Ces deux orateurs français étaient également présents à la conférence « Les Juifs, l’angle mort de l’antiracisme ? », à l’occasion de la publication du dernier ouvrage d’Illana Weizman, Des blancs comme les autres ? (éd. Stock). Elle a tenu à distinguer les propos antisémites de la personne qui les prononce, qui peut ne pas être un antisémite convaincu. Elle a insisté sur l’importance de se centrer sur le discours pour éviter l’essentialisation. Jonas Pardo a longuement expliqué son rôle de formateur contre l’antisémitisme dans les milieux de gauche, et l’importance qu’il y accorde.

Un bon début et un final catastrophique

Fatima Zibouh, politologue et responsable d’Actiris Inclusive, devait intervenir dans le débat mais s’est désistée peu de temps avant le début de la conférence suite à des menaces et des pressions extérieures. Ce fait a été présenté par Ilana Weizman comme un exemple de choses « que nous devons remettre en question », pour qu’il y ait « un safe place également pour les autres communautés racisées », a-t-elle ajouté. Ce « nous » faisant référence aux Juifs. Lors des déclarations postérieures à la presse, Sacha Guttmann, co-président de l’UEJB et coorganisateur de l’évènement, a confirmé les pressions et apporté son soutien à Fatima Zibouh. Des rumeurs pointaient un membre du conseil d’administration du Musée Juif. Réfutant cette accusation, son président, Philippe Blondin, a assuré son soutien à la politologue. Bien qu’aucune précision sur l’origine ou la nature des menaces n’ait été donnée, tant Ilana Weizman que Jonas Pardo ont attribué, par l’usage du « nous », la responsabilité de ces pressions aux Juifs. Ainsi, une soirée censée traiter la place de la lutte contre l’antisémitisme au sein de l’antiracisme s’est terminée par une accusation imprécise d’islamophobie (mot prononcé par Jonas Pardo) à l’encontre de la communauté juive.
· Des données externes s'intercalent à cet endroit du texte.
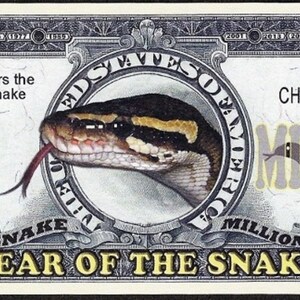 Pode incluir: Uma nota de banco de fantasia com um design de cobra. A nota é preta e branca com detalhes dourados. Ela diz "One Million Charming Million" e "Year of the Snake".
Il est important de signaler que, même si une ou des personnes juives eussent été à l’origine des pressions évoquées, cela n’impliquerait aucunement une responsabilité communautaire, sauf à prouver une dynamique répétée, structurelle, propre aux Juifs, d’hostilité contre les musulmans. Assumer cette accusation comme un présupposé est une démarche extrêmement dangereuse qui ouvre la voie à l’incrimination généralisée de tout un groupe. Comme les deux intervenants l’ont dit à plusieurs reprises, personne n’est à l’abri de généralisations ni de biais cognitifs. Ilana Weizman et Jonas Pardo acceptent la judéophobie d’origine chrétienne comme une réalité historique tandis qu’ils avancent comme hypothèse une islamophobie propre aux communautés juives. En revanche, la moindre référence à un éventuel antisémitisme associé à certaines manifestations de la religion ou la culture musulmane est dénoncée et jugée inacceptable. Considérer que certaines cultures, certaines sociétés, certaines religions, certaines communautés, sont susceptibles de transmettre des préjugés alors que d’autres en seraient incapables, c’est du paternalisme. Cette démarche est difficilement compatible avec un universalisme respectueux des particularités, avancé d’ailleurs comme horizon par ces deux conférenciers.